Lo que hace que las tiendas de papeles estén lejos de la ensoñación boutique, ―salvo un par de excepciones―, es que la presencia del material casi siempre indica que hay una máquina de impresión cerca. Las opciones del centro son caóticas, una cordillera de papeles sobrantes, manchas de tinta y ruido. Lo complejo del proceso de impresión se enfrenta con la rudeza de la mecánica a toda marcha, de operarios que resuelven varios pedidos a la vez, interpretan solicitudes torpes y descabezan diseños con sus guillotinas. Una vez, mil pliegos impresos me esperaban huérfanos en una esquina porque el papelito diminuto con mi nombre se había caído en el proceso y nadie sabía de quién era el encargo. Hay que ir preparado para esforzarse en dar señas y gritar eso es mío. La ganancia es impresión baratísima, imposible de lograr en otro lugar.

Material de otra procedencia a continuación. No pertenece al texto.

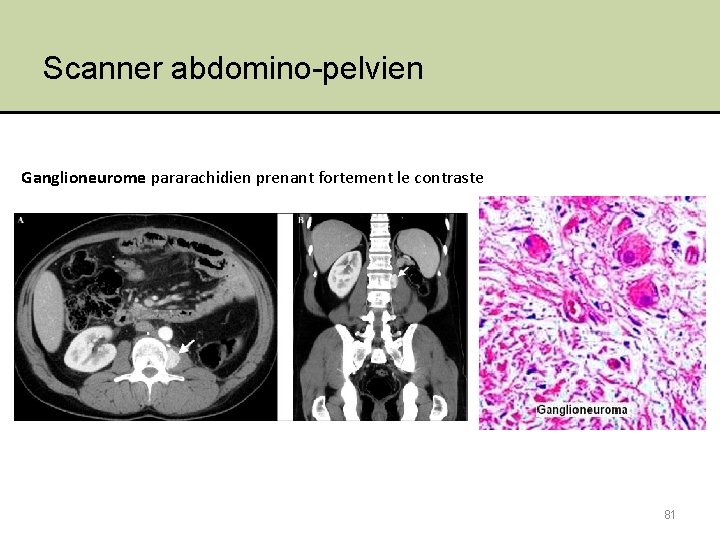 Scanner abdomino-pelvien Ganglioneurome pararachidien prenant fortement le contraste 81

Recuerdo haber visitado hace un par de años una versión del evento organizado por la Asociación Colombiana de la Industria de la Comunicación Gráfica (Andigraf) en Corferias y pensar que la exhibición de las nuevas impresoras se parecía más a una feria de carros que al lugar donde uno esperaría ver a impresores y editores. Máquinas gigantes y relucientes, y al mismo tiempo diminutas para su velocidad y uso: impresión en la mejor definición en todo tipo de sustratos. En horas o minutos. Entre los Cadillacs y Lamborghinis de la impresión, estaban algunos distribuidores de papel, empresas encargadas de proveer a los minoristas que sí pueden venderle a un estudiante un par de pliegos para ensayar un fanzine. Porque para ellos el negocio es de miles, de toneladas. Entre los destellos tecnológicos, decía, sobrevivía el papel y su modestia elegante. Papelcard tenía un estand decorado con recortes de todos los colores, doblados para simular un mosaico de cerámica. Duopapel se concentraba en una esquina surtida con sus cascadas de muestras. Paperboutique regalaba generosamente los tan preciados mostrarios de papel, confeccionados con pulcritud para poner a mano de los interesados la oferta actualizada. En medio de todo ese movimiento, un alto ejecutivo encontró el tiempo para explicarnos por qué cierta opalina nos parecía más hermosa, cálida y perfecta para lo que queríamos hacer, y cómo esas cualidades habían surgido de su conversación con el molino, de explicarles qué buscaba. Después de eso, cómo no pensar que pese a los tonelajes, la escasez y la tensión del mercado, el asunto del papel sigue teniendo en algún punto ese aterrizaje suave, mullido y lechoso que de siglos atrás adoran los japoneses.